In this work, we present CarveMe, a new reconstruction tool that shifts this paradigm by implementing a top-down reconstruction approach (Fig. 1). We begin by reconstructing a universal metabolic model, which is manually curated for the common problems mentioned above. Notably, this universal model is simulation-ready: it includes import/export reactions, a universal biomass equation, and contains no blocked or unbalanced reactions. Following, for every new reconstruction, the universal model is converted to an organism-specific model using a process called “carving” (see Methods section for details). In essence, this process removes reactions and metabolites not predicted to be present in the given organism, while preserving all the manual curation and relevant structural properties of the original model.
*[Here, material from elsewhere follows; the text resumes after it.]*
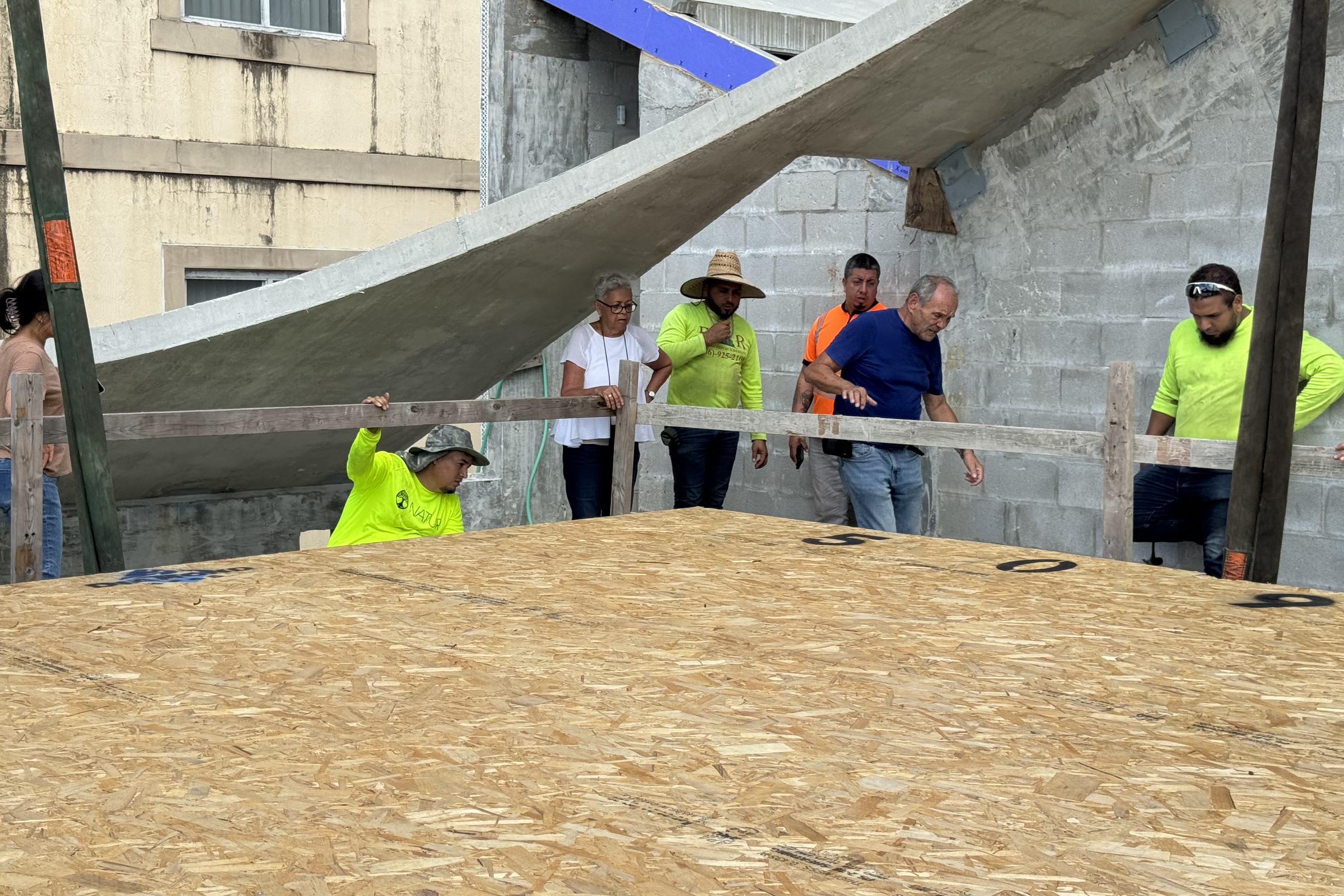 The crew working the deck as the precast panel is guided in. Leslie among them, blue polo, at the CMU wall. October…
The lack of manual intervention makes this process easily automatable and the reconstruction of multiple species can be easily parallelized (see legend Fig. 1). CarveMe can build models from genome sequences alone, but allows users to optionally provide collected experimental data (in a simple tabular format) as additional input during reconstruction. Furthermore, it automates the creation of microbial community models by merging selected sets of single-species models into community-scale networks.
Results
Universal model of bacterial metabolism
We built an universal model of bacterial metabolism by downloading reaction data from BiGG [36], a database that integrates data from 79 genome-scale metabolic reconstructions (accessed: version 1.3). Although BiGG includes a few eukaryotic reconstructions (such as yeast, mouse, and human), prokaryotes, especially bacteria, are better represented, including species from 14 different genera. The universal model contains all BiGG reactions with the exception of those exclusive to eukaryotic organisms. The model underwent several curation steps (see Methods for details), including estimation of thermodynamics, verification of elemental balance, elimination of energy-generating cycles, and integration of a core biomass composition. The final model includes 3 compartments (cytosol, periplasm, and extracellular), 2383 metabolites (representing 1503 unique compounds) and 4383 reactions (2463 enzymatic reactions, 1387 transporters, and 473 metabolite exchanges). From this universal model, we derived two specialized templates for gram-positive and gram-negative bacteria with modified biomass equations to account for the respective differences in cell wall/membrane composition. During reconstruction the user can select between the generic or specialized (or even user-provided) universal models. In addition to the model, we generate a sequence database with a total of 30814 unique protein sequences derived from the gene-protein-reaction associations of the original models. These are used to align the input genomes and identify the respective reactions in the universal model.
Comparison with manually curated metabolic models: Escherichia coli and Bacillus subtilis
The quality of the models generated with CarveMe was evaluated regarding their ability to reproduce experimental data and compared to previously published manually curated models. Two reference model organisms were selected as case-studies, namely the gram-negative bacterium Escherichia coli (strain K-12 MG1655) and the gram-positive bacterium Bacillus subtilis (strain 168). E. coli is among the best-studied organisms and the one with the most highly curated metabolic models. B. subtilis was chosen as a representative of gram-positive bacteria due to the availability of experimental data to test model predictions. The genomes of these two species used to build the models were downloaded from NCBI RefSeq (release 84) [26]. For comparison, the manually curated models for E. coli (iJO1366) and B. subtilis (iYO8444) were obtained from the respective publications [27, 28] Furthermore, to analyze how CarveMe performs in comparison to the currently available automated reconstruction tools, the same genomes were used to generate genome-scale models with the modelSEED pipeline (https://kbase.us/ accessed: August 2017) [20]. Notably, the models generated with CarveMe were able to reproduce growth on M9 minimal medium from genome data alone, without specifying any growth requirements during reconstruction or performing any additional gap-filling after reconstruction. The models generated with modelSEED required specific gap-filling for M9 minimal medium.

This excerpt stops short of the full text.